▸ EXERCISE
The copy you give must match the records exactly, except that it holds no images.

*** DATA PROVIDED Section Begins ***

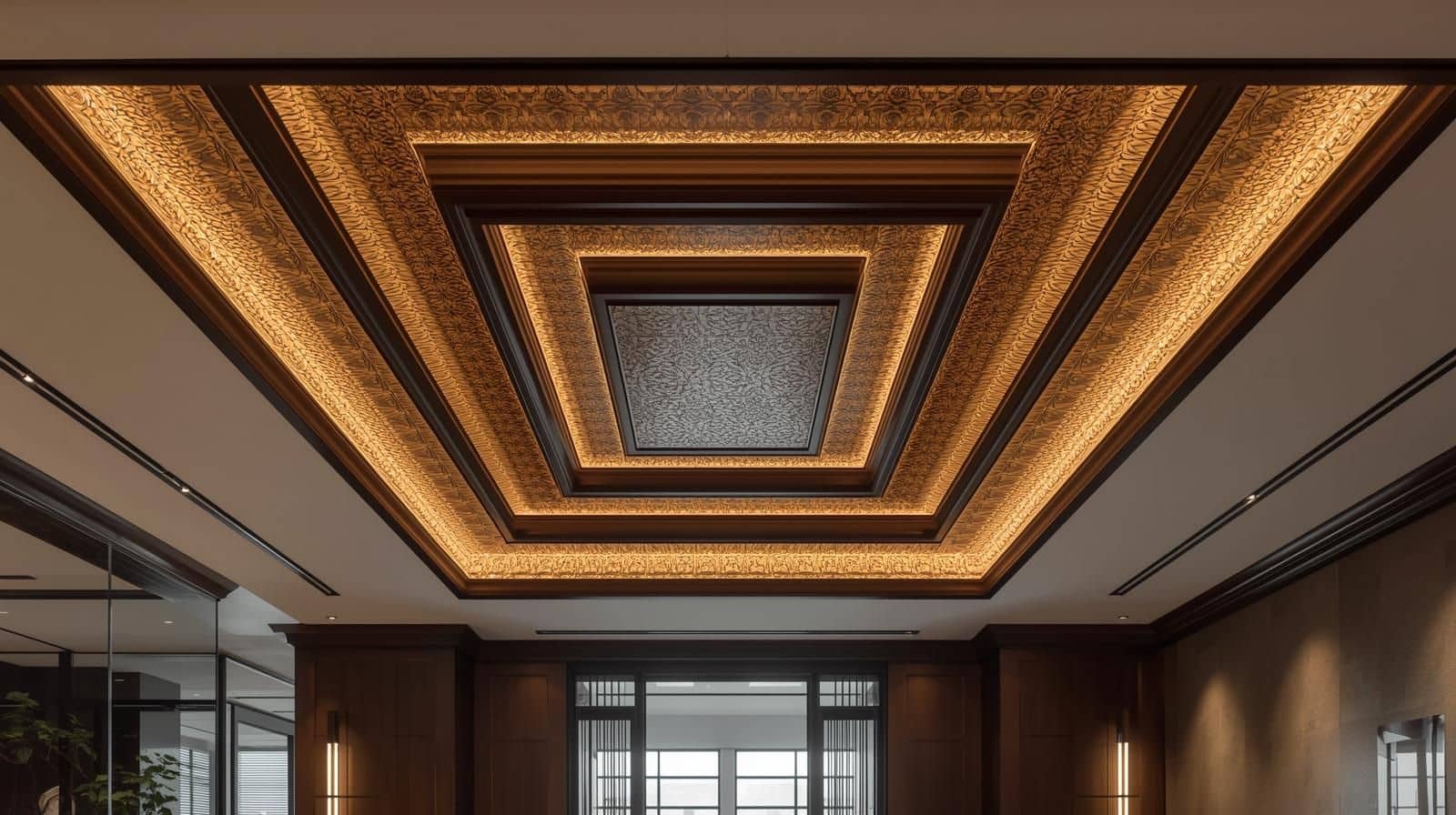 Tray Ceiling Designs Highlighted with Tiles.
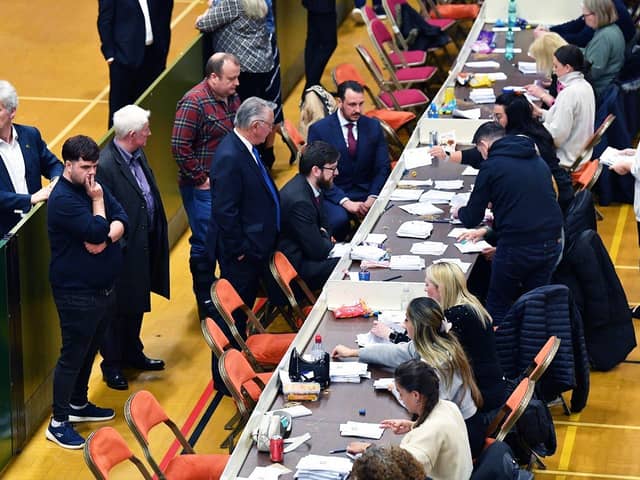 Officials count local election votes at Hartlepool's Mill House Leisure Centre. Picture by FRANK REID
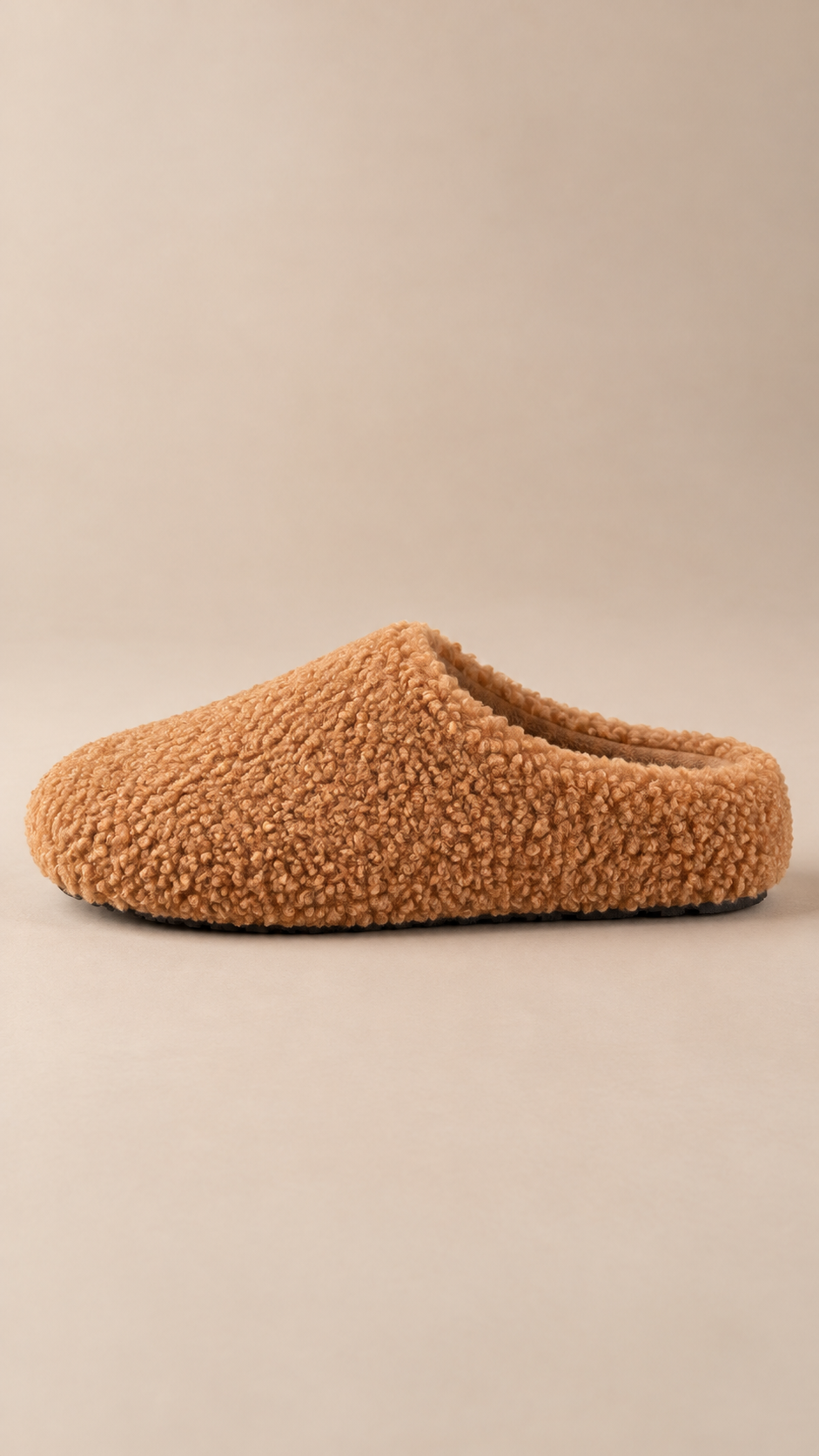 Gisella Teddy-Fleece Mule — Camel shoe side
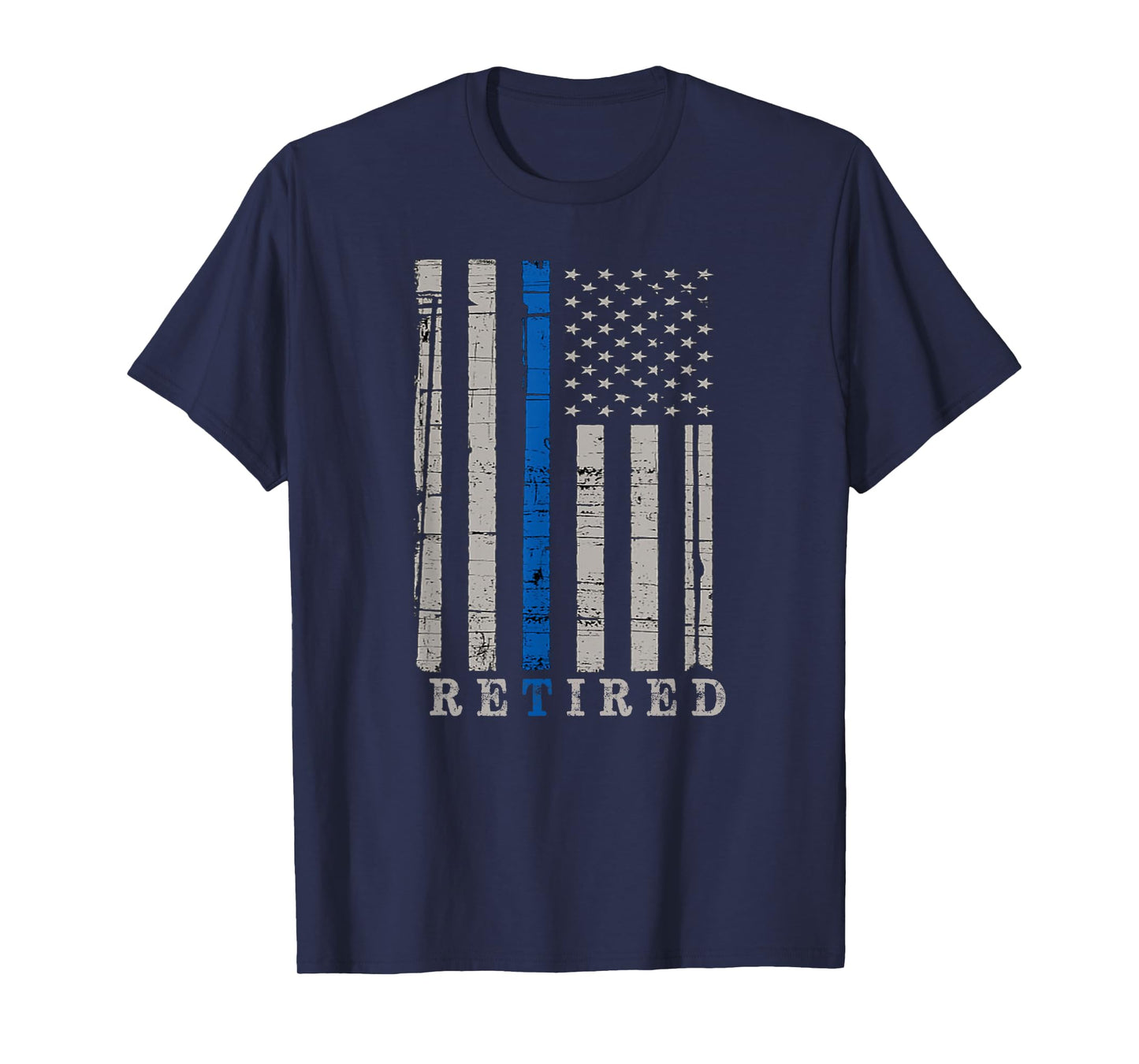 Retired Police Officer Thin Blue Line Flag Retirement T-Shirt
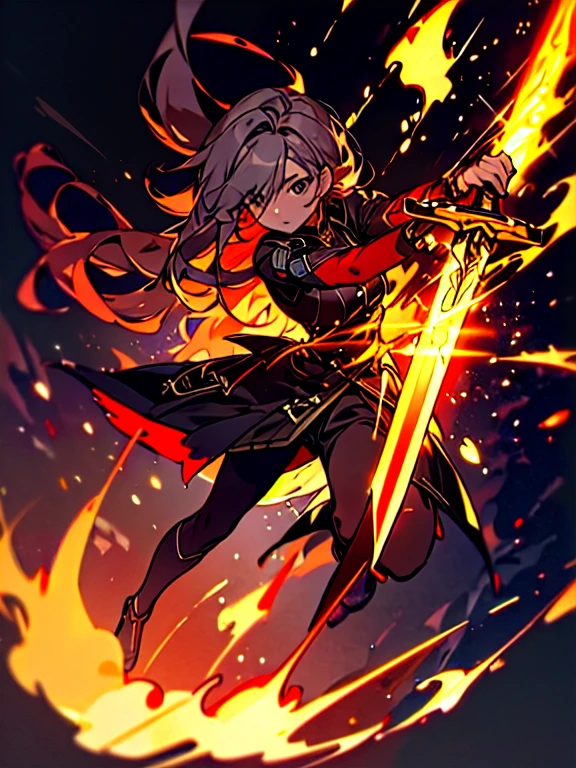 e7 LHC, burgundy eyes, attacking with a fire sword, flames on sword, dynamic ahot, action shot, full body,
(masterpiece),  best quality, highres, 4k, 8k, Detailed Illustration, intricate detail, cinematic lighting, amazing quality, 1girl, fit female, amazing shading, soft lighting, facing camera, perfect eyes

*** DATA PROVIDED Section Ends ***

▸ RESPONSE TO THIS EXERCISE
 Tray Ceiling Designs Highlighted with Tiles.
 Officials count local election votes at Hartlepool's Mill House Leisure Centre. Picture by FRANK REID
 Gisella Teddy-Fleece Mule — Camel shoe side
 Retired Police Officer Thin Blue Line Flag Retirement T-Shirt
 e7 LHC, burgundy eyes, attacking with a fire sword, flames on sword, dynamic ahot, action shot, full body,
(masterpiece),  best quality, highres, 4k, 8k, Detailed Illustration, intricate detail, cinematic lighting, amazing quality, 1girl, fit female, amazing shading, soft lighting, facing camera, perfect eyes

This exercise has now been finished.